[Problem details]:
Among the lines of the listing below, retype exactly those from the one containing "Linde E30-01 Electric" through the one containing "24 Diamond Head Drive, Budgewoi NSW 2262", both included. Do not include pictures.

[Data under study]:
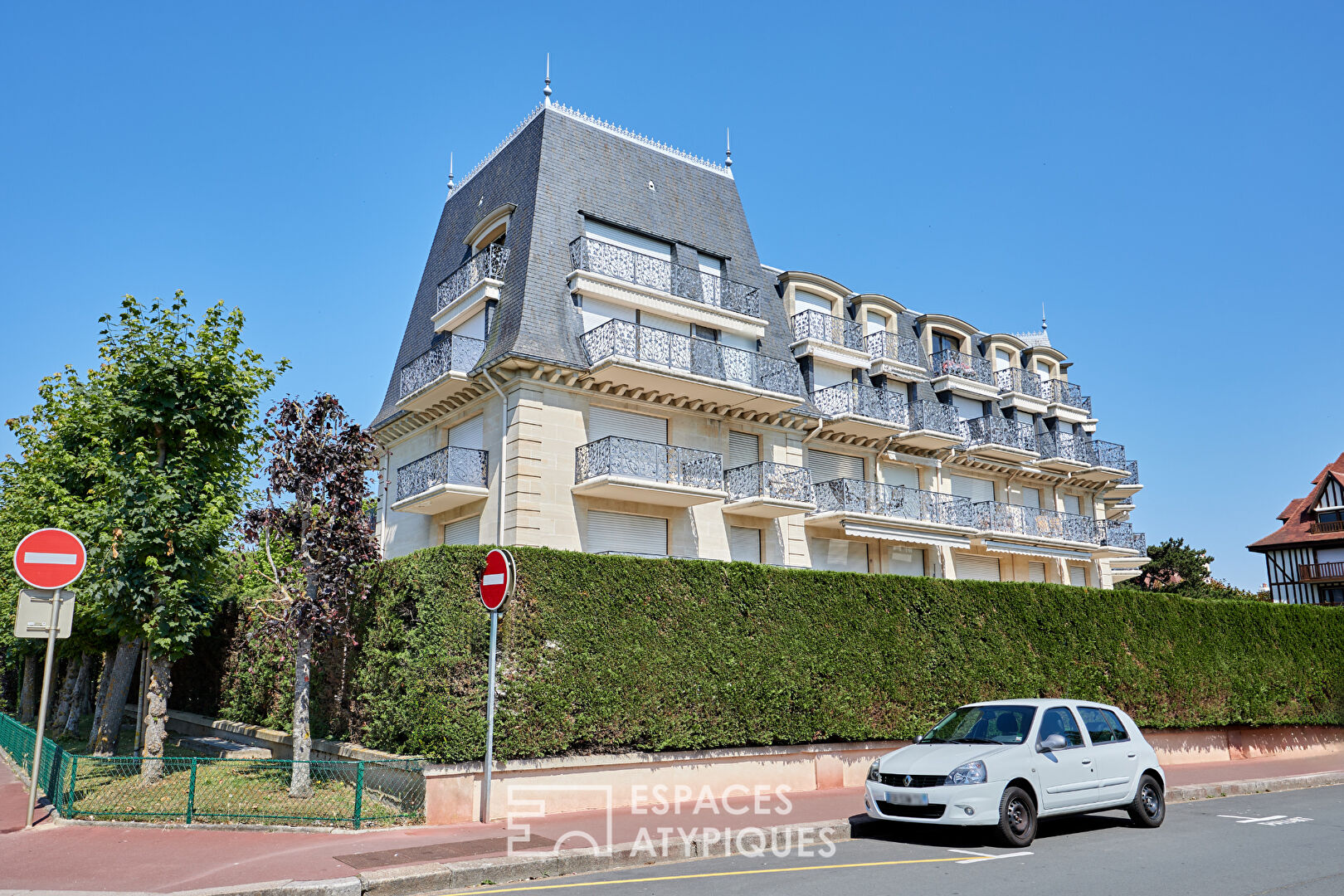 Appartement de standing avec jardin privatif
...
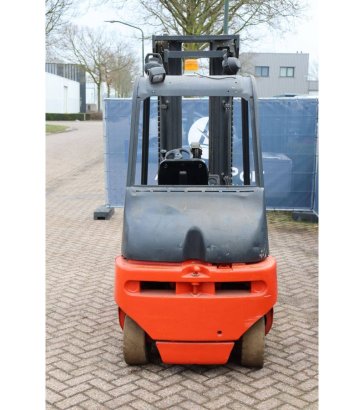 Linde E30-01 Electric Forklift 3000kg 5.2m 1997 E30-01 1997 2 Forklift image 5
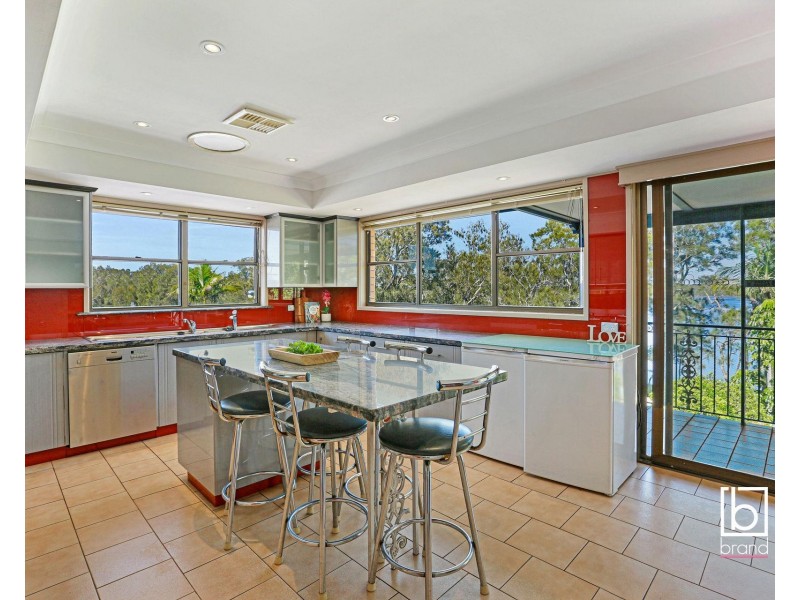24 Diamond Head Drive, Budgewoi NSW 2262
...
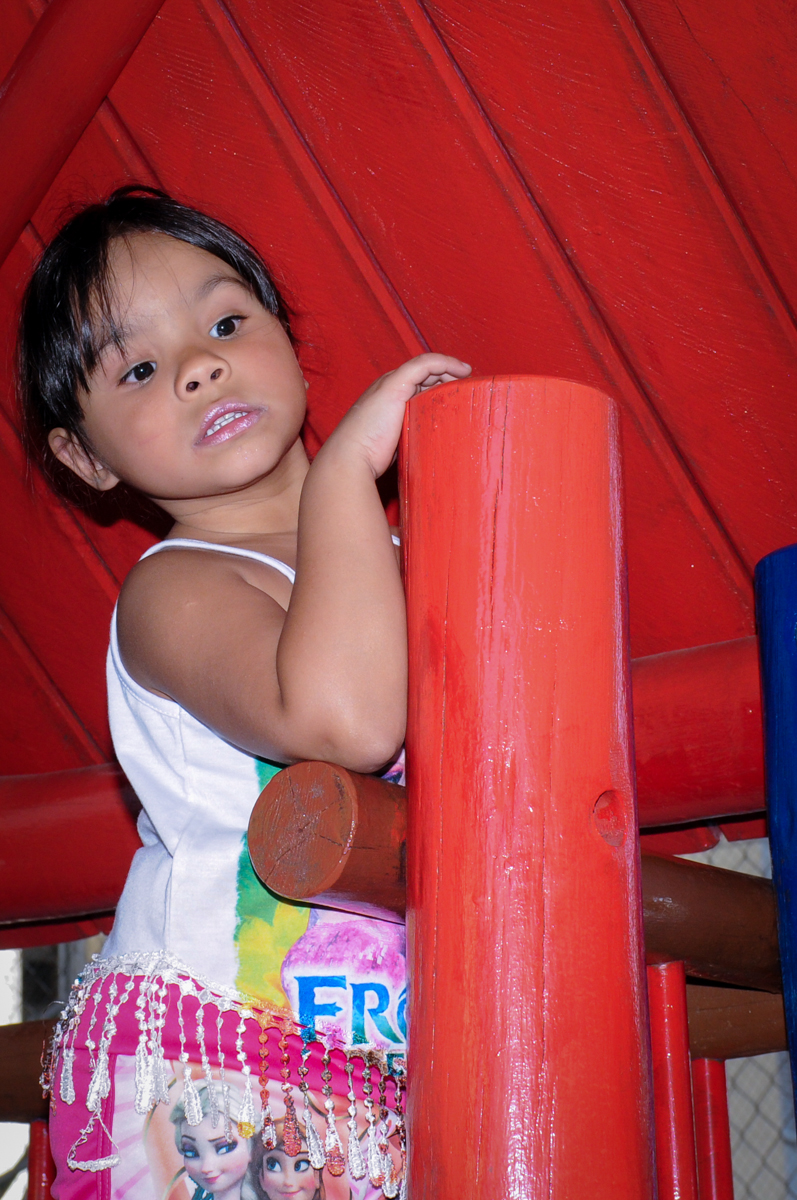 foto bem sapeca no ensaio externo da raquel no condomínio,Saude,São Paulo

[Response to the exercise]:
 Linde E30-01 Electric Forklift 3000kg 5.2m 1997 E30-01 1997 2 Forklift image 5
24 Diamond Head Drive, Budgewoi NSW 2262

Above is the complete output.